Clients now are price sensitive and exhibit more aggressive buying behavior. Clients don’t complain about work or quality but they do complain about price and service delivery. In a private survey of UK GCs, Mitch found that 73% expected big changes in how they use law firms, mainly motivated by price.

Clients also intend to bring more work in-house. Points out the unexpected outcome that the customer can provide a service at lower cost on its own than the outsourced law firms can. This, he says, has given rise to alternative legal service providers and mentions the recent Elevate deal with Univar.

Millennials will be the biggest work cohort soon. This has implications for the legal market. They expect to change jobs frequently. Their average work tenure is 2 years. This has implications for law firm staffing models. References Daniel Pink book that finds that money is not the big motivator in creative / intellectual jobs. The drivers: autonomy, mastery, and purpose.

So millennials want the flexibility to work how they want to – and when + where too. They focus on right output, not specifics of how to get there. They also focus on purpose and impact – it’s not enough for them to focus on a small piece of work without seeing the big picture.

Millennials also don’t understand old ways of working. For example, it makes not sense for them to have to somewhere physical to sign documents. One study found they would rather give up sense of smell than their technology. But don’t assume they know how to use tech effectively. References D Casey Flaherty tech test / audit. Mitch says all his law students failed this test – and it’s basic MS Office and PDF tools. So millennials need training as much as anyone.

References Jason Browder, who created DoNotPay app that, at start, fought London parking tickets. His focus is making law free for the world. He is an outside, with a legal problem, who went outside the system to fix the problem. He’s a millennial. Next example is ROSS Intel – another example of outsiders coming in to fix problems.

Some firms, eg, Mishcon De Reya, have created incubators to bring legal tech into the system. Toronto has Legal Innovation Zone. Barclays Bank has just started a legal tech lab. Mitch says all this is accelerating.

So what is impact of the assessments above? We have a shifting landscape with clients changed, talent changed, tech changed, nature and place of work has changed. Mitch sees a resurgence of cottage industry approaches to solving legal problems. Another change: legal services as a team. There will be a team with thin layer of lawyers at top with much bigger teams of other professionals. This is “the end of scale”.

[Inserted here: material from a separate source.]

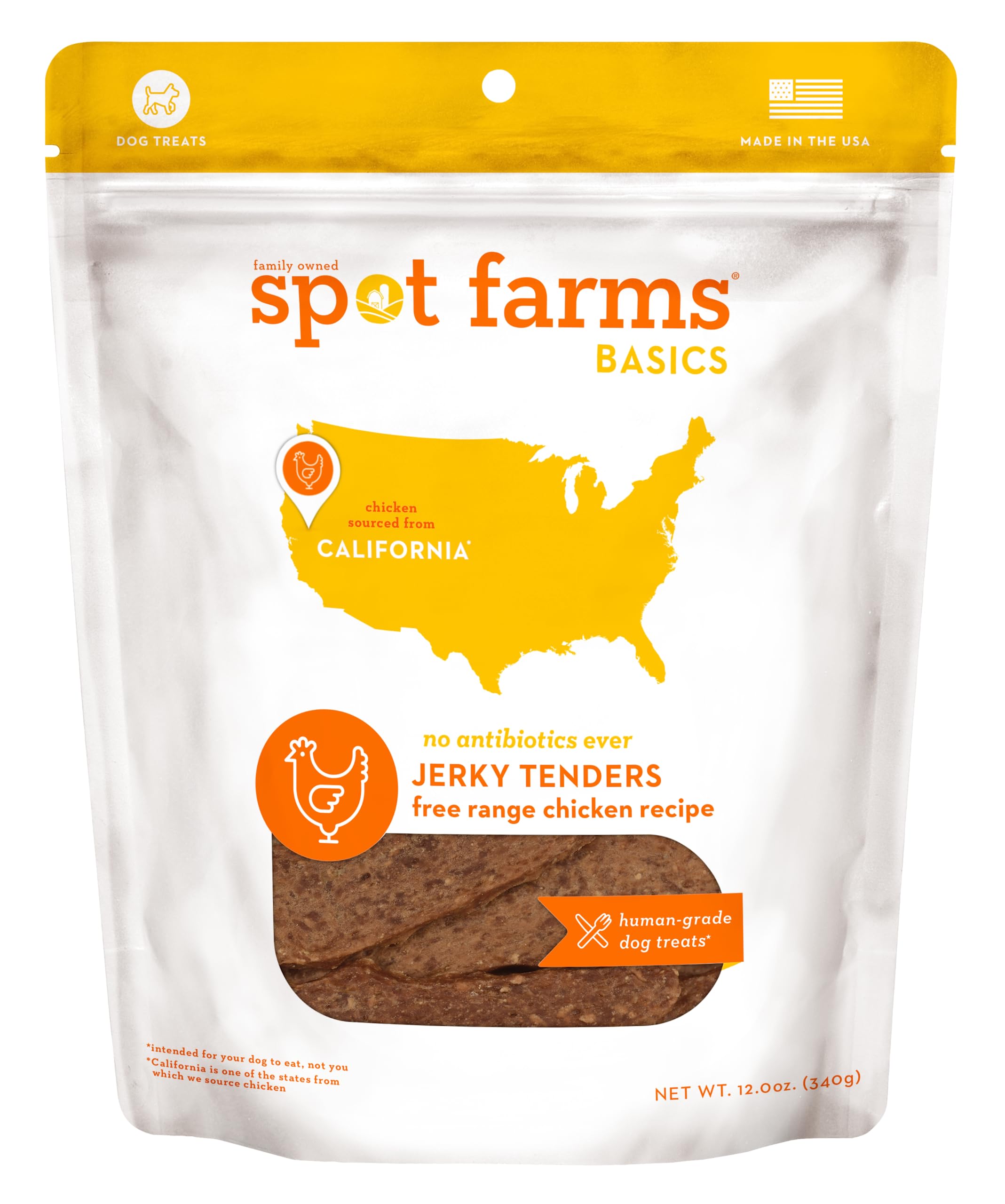 Spot Farms Basic Chicken Tenders 12.0 oz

“Is Your Existing Business Structure Optimized for 2030?” Mitch suggests that most firms today are not.

 

DESCRIPTION

The successful law firm of 2030 will emerge from the choices made by law firm leaders today. In order to create competitive advantage and deliver superior financial returns, law firms need to understand and adapt to the changing ecosystem in which they now live, as well as forecasting what that ecosystem will look like 10 or more years down the road; long term vision and strategy have therefore never been more important for law firms. Mitch Kowalski, examines the challenges law firms face now and in the future – then uses this perspective to suggest how these challenges will inform and reshape the legal service delivery model of 2030.